Minimal polynomial of integral elements 
Let $R$ be an integrally closed domain and let $K$ be its fraction field. Let
  $L\supseteq K$ be a field. If $\alpha\in L$ is integral over $R$ (i.e.
  if it satisfies a monic polynomial in $R[x]$), does its minimal
  polynomial over $K$ lie in $R[x]$?

CONTEXT:
I'm trying to prove that the trace $t_{L/K}$ of integral elements lie in $R$ (provided that the extension $L/K$ is finite). I'm trying to use the fact that the trace of $\alpha$ is an integer multiple of certain coefficient of its minimal polynomial, so this trace lies in $R$ if such coefficient does. 
Since $\alpha$ satisfies an integral relation $p(\alpha)=0$ over $R$, it's minimal polynomial $q$ over $K$ exists and it divides $p$, does it imply that $q\in R[x]$? if so, then I'd be done. 
It's clear that the result is true if $R$ is a UFD. In such a case, it's only a matter of looking at the unique factorization of the polynomial in $R[x]$ and apply Gauss' lemma.

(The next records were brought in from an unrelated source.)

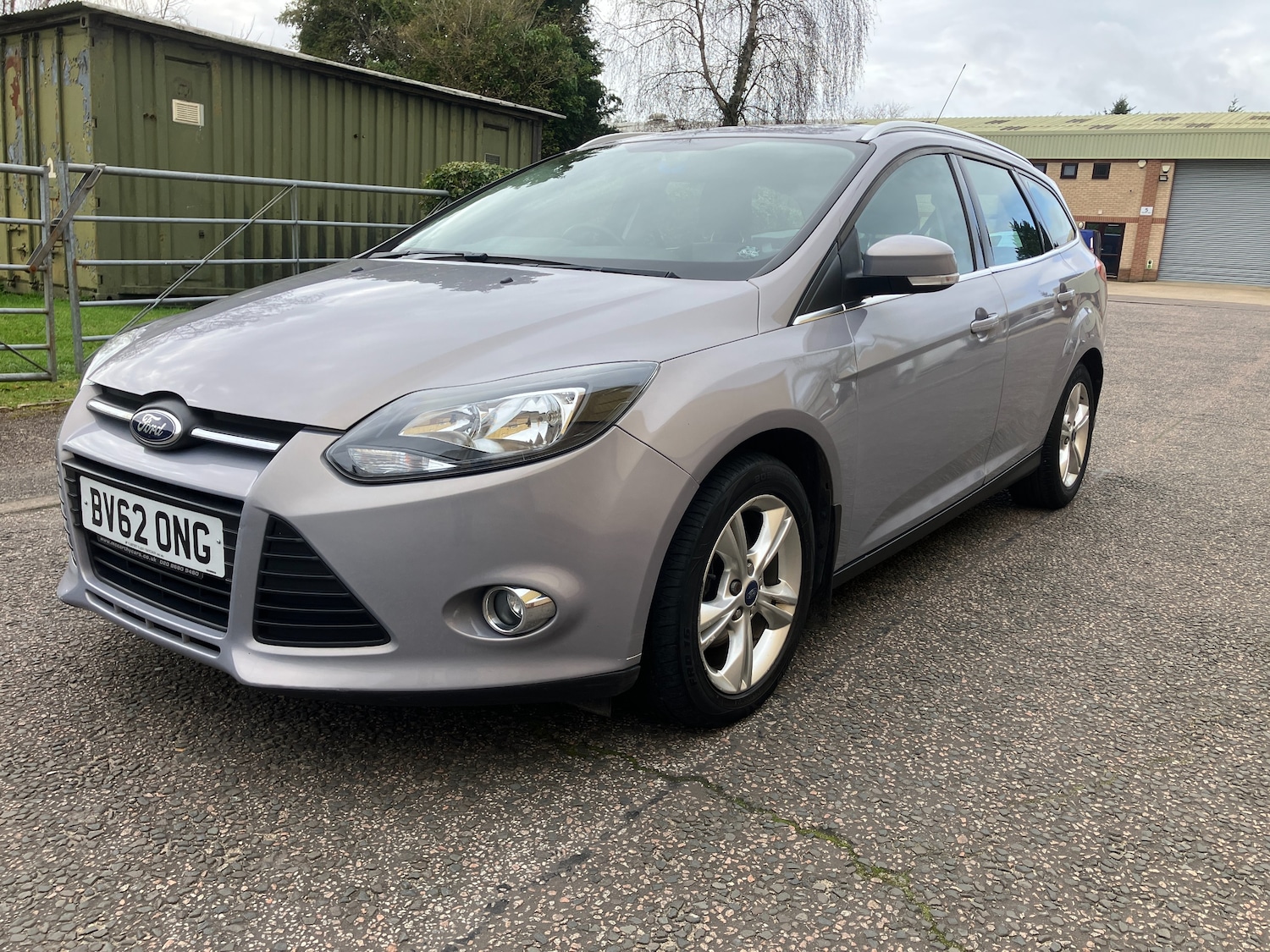Used Ford Focus 2012 for sale - 77631360: Photo 3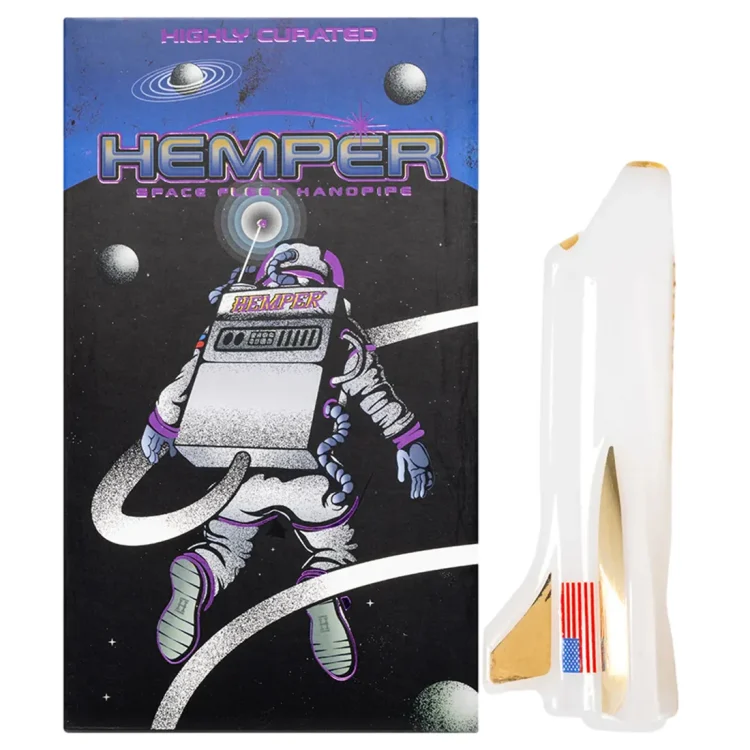 HEMPER Tech - Space Shuttle Pipe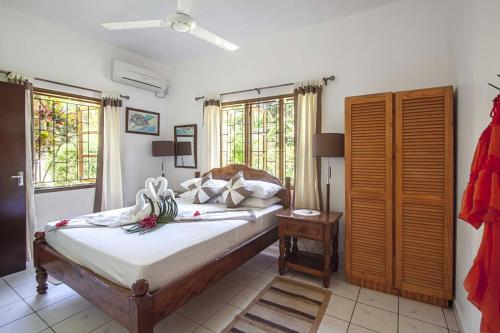 Gallery image of Tannette Villa in La Digue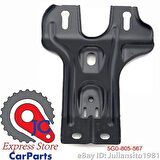 Vw Golf7 2013- Ön Panel Destek Konsolu  (Oem No:5G0805567)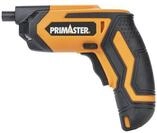 Primaster Akkuschrauber PMAS 36-2 3,6 Volt mit Akku und Bits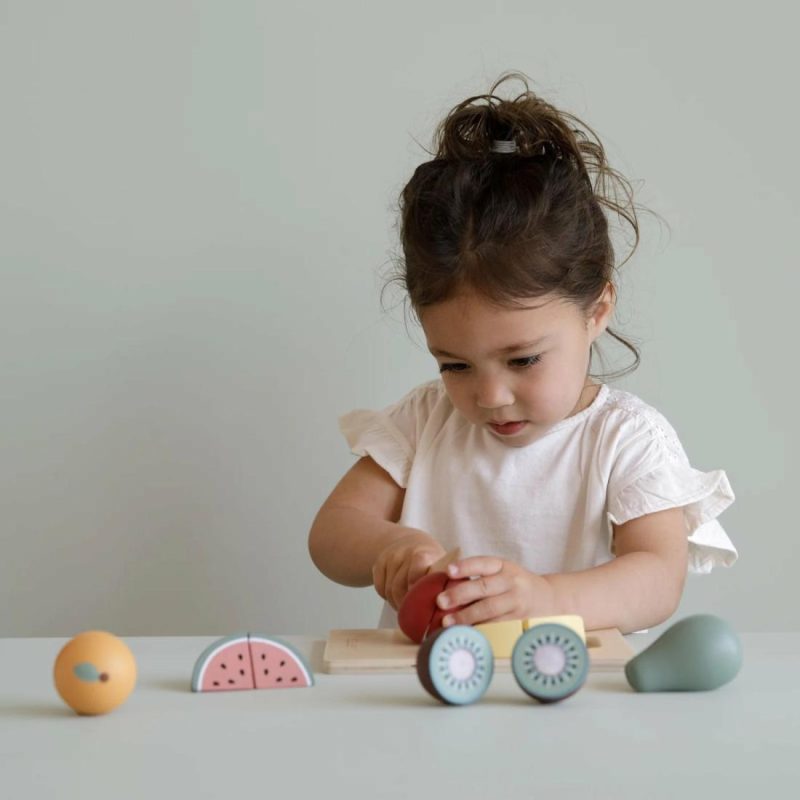 Cutting Fruit Educational Toys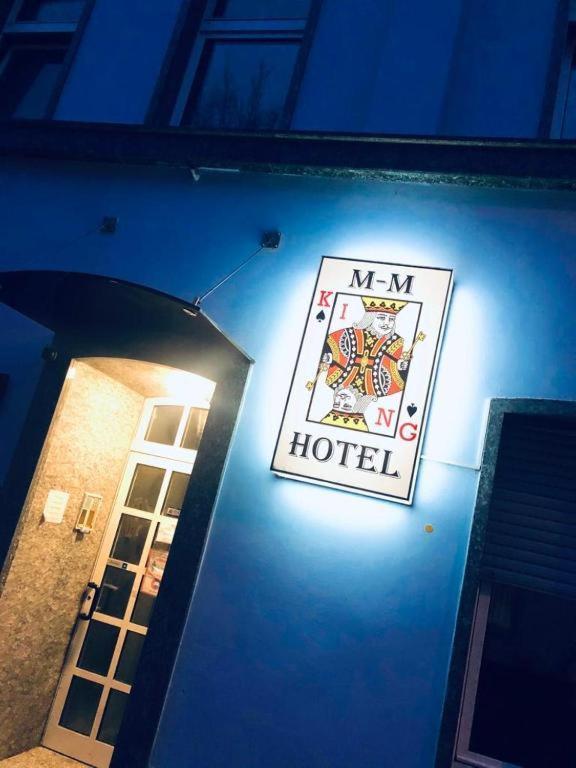 Hotel Moji Koeln Sieversstrasse Zewnętrze zdjęcie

However, I don't see a straight proof nor counter example in the general case.
 A: It is true for an integrally closed domain (Matsumura, Theorem 9.2), hence for a UFD, but not in general.
If $R$ is not integrally closed take $L=K$. Then   any element  $q\in K\setminus R$ integral over $R$ furnishes a counterexample: its minimal polynomial over $K$ is $X-q\notin R[X]$, whereas any monic relation of integral dependence for $q$ with coefficients in $R$ will have degree $\geq 2$.
Edit
The OP made the legitimate request that I provide a free source for users not having access to Matsumura.
Nothing beats our friend Pete Clark's splendid lecture notes, freely available here.
The relevant result is Theorem 14.18 b), page 226.
A: HINT:
To prove in the case of the ring integrally closed, show the following:
Assume $A$ commutative with $1$ and in $A[X]$ we have the equality between monic polynomials $f= g\cdot h$, where $f = X^m + a_1 X^{m-1} + \cdots + a_m$, $g = X^p + b_1 X^{p-1} + \cdots + b_p$, $h =X^q + c_1 X^{q-1} + \cdot + c_m$. Then all the coefficients of $g$ and $h$ are integral over the subring $\mathbb{Z}[a_i] $  of  $A$ (that is, the above equality $f= g\cdot h$ implies a series of integral dependences for all the $b_j$, $c_k$).
Let's state the following simple but important lemma:
Let $A$ be a ring and $P$ a monic polynomial in $A[X]$. There exists an extension of ring $A \subset S$ such that the polynomial $P$ splits completely in $S[X]$. The proof is similar to the analogous fact for fields.
Consider now $S$ an extension of $A$ in which $g$ splits completely. Write
$g(X) = (X-\beta_1)\cdot \ldots \cdot (X-\beta_p)$. Since the equality $f= g h$ also holds in $S[X]$ we have $f(\beta_j) = g(\beta_j) \cdot h(\beta_j) = 0$. Therefore, all the $\beta_j$ are integral over $\mathbb{Z}[a_i] $ and therefore, so are the symmetric functions in $\beta_j$'s and so the coefficients of $g$. Since the equality of integral dependence holds in $S$, it will also hold in $A$, since $A\subset S$.
$\bf{Added:}$ The $A$ in this proof is a general commutative, $1$, ring. For the purposes of the proof of the OP statement, one should take $A = K$, $f$ a monic polynomial in $R[X] \subset K[X]$ and $f = g h$ in $K[X]$.